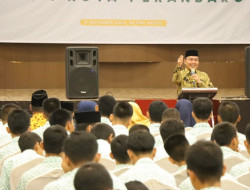 Siapkan Generasi Emas Madrasah, Kakanwil Buka Seminar ESQ Charakter Building MAN 1 Pekanbaru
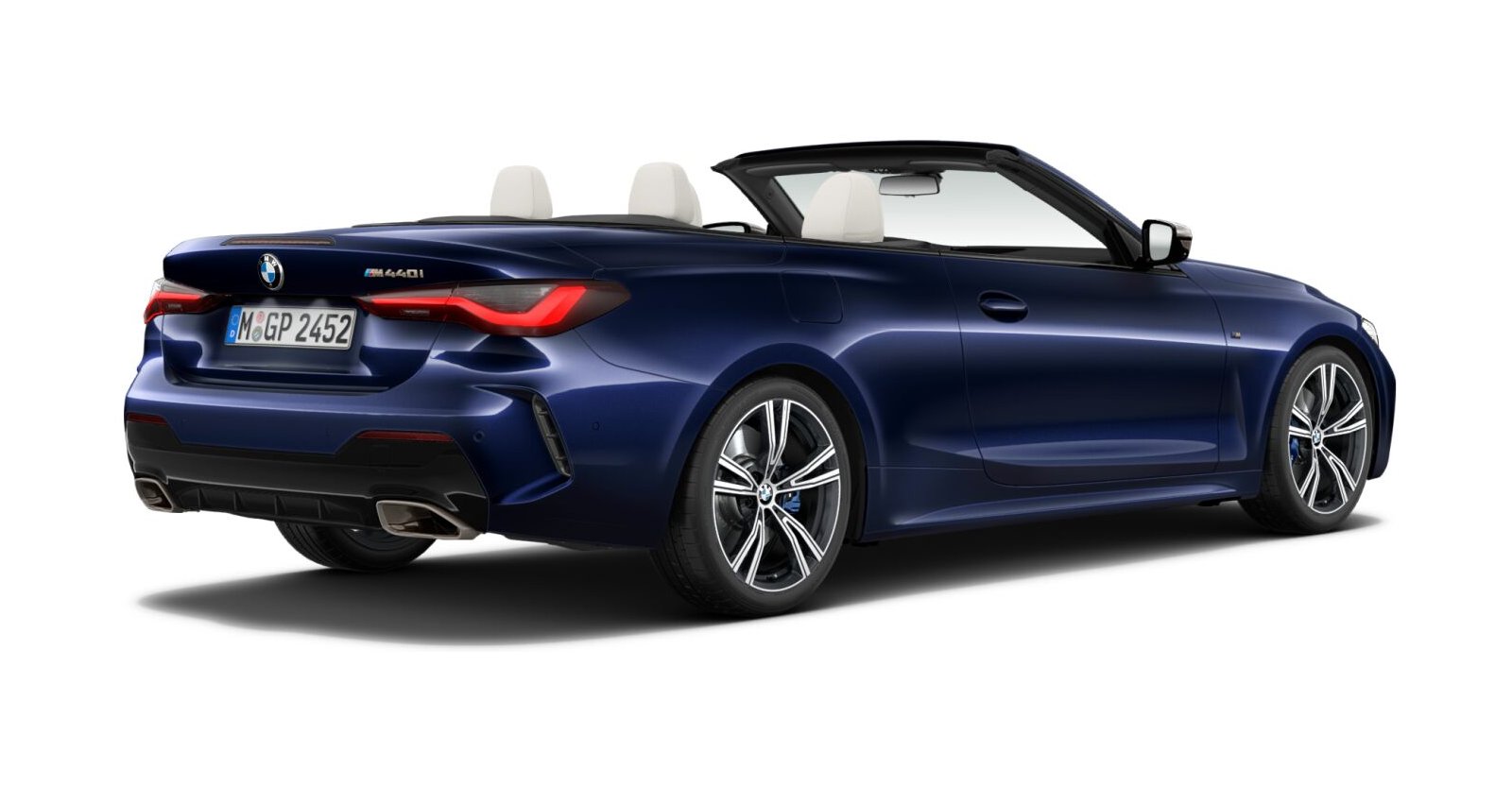 BMW BMW 4er in Blau von hinten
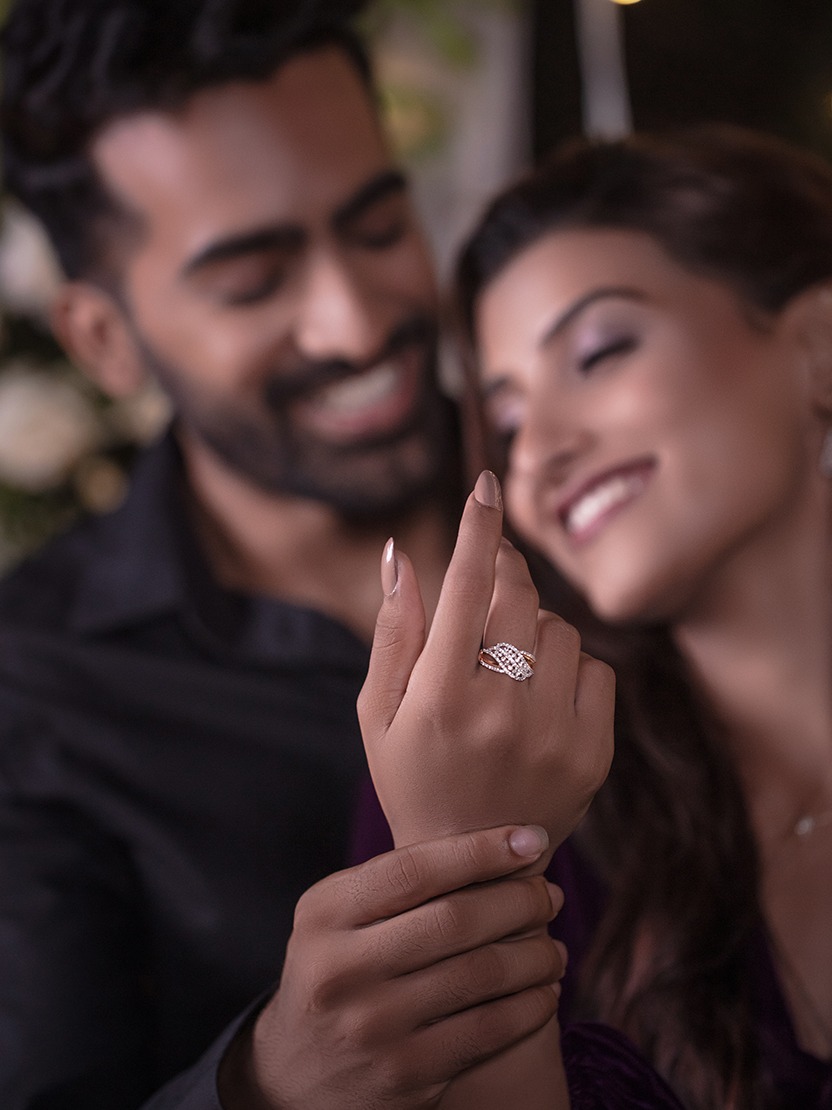 Propose with CaratLane's engagement rings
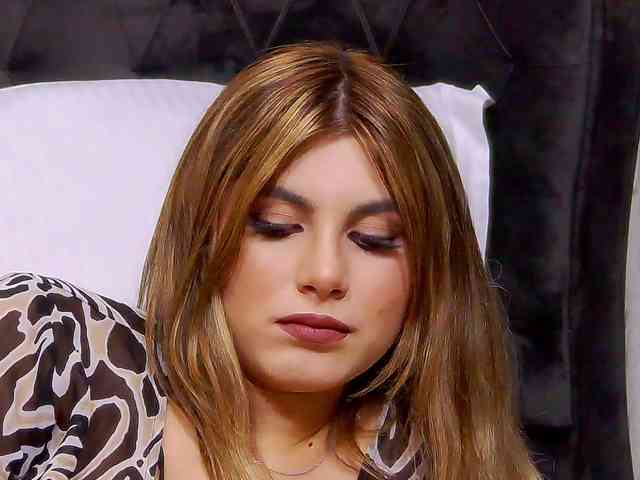 SweetAnisia webcam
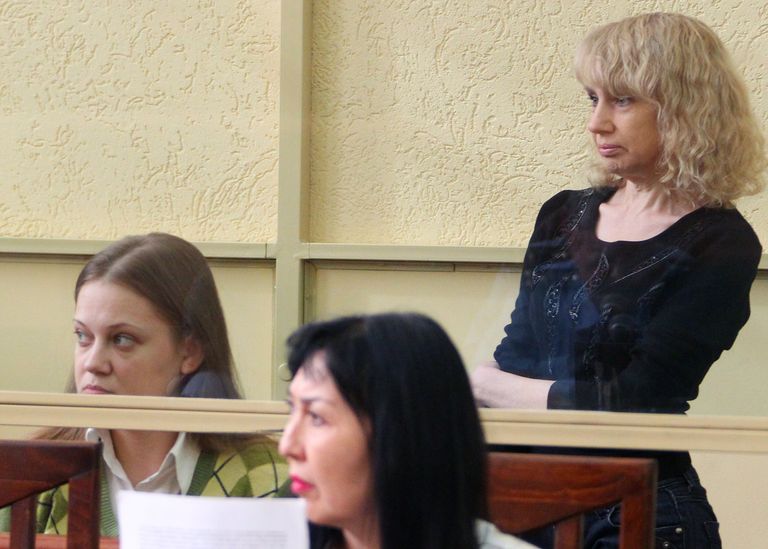 Инесса Тарвердиева и Анастасия Синельник, обвиняемые в бандитизме и убийствах, во время судебного заседания в Ростовском областном суде. 24 февраля 2016 года Инесса Тарвердиева и Анастасия Синельник, обвиняемые в бандитизме и убийствах, во время судебного заседания в Ростовском областном суде. 24 февраля 2016 года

### Required action
Your task is to copy word for word the lines from the line containing "BMW BMW 4er in Blau von hinten" to the end of the listing, both included, and to drop any pictures.

### Answer to this problem
 BMW BMW 4er in Blau von hinten
 Propose with CaratLane's engagement rings
 SweetAnisia webcam
 Инесса Тарвердиева и Анастасия Синельник, обвиняемые в бандитизме и убийствах, во время судебного заседания в Ростовском областном суде. 24 февраля 2016 года Инесса Тарвердиева и Анастасия Синельник, обвиняемые в бандитизме и убийствах, во время судебного заседания в Ростовском областном суде. 24 февраля 2016 года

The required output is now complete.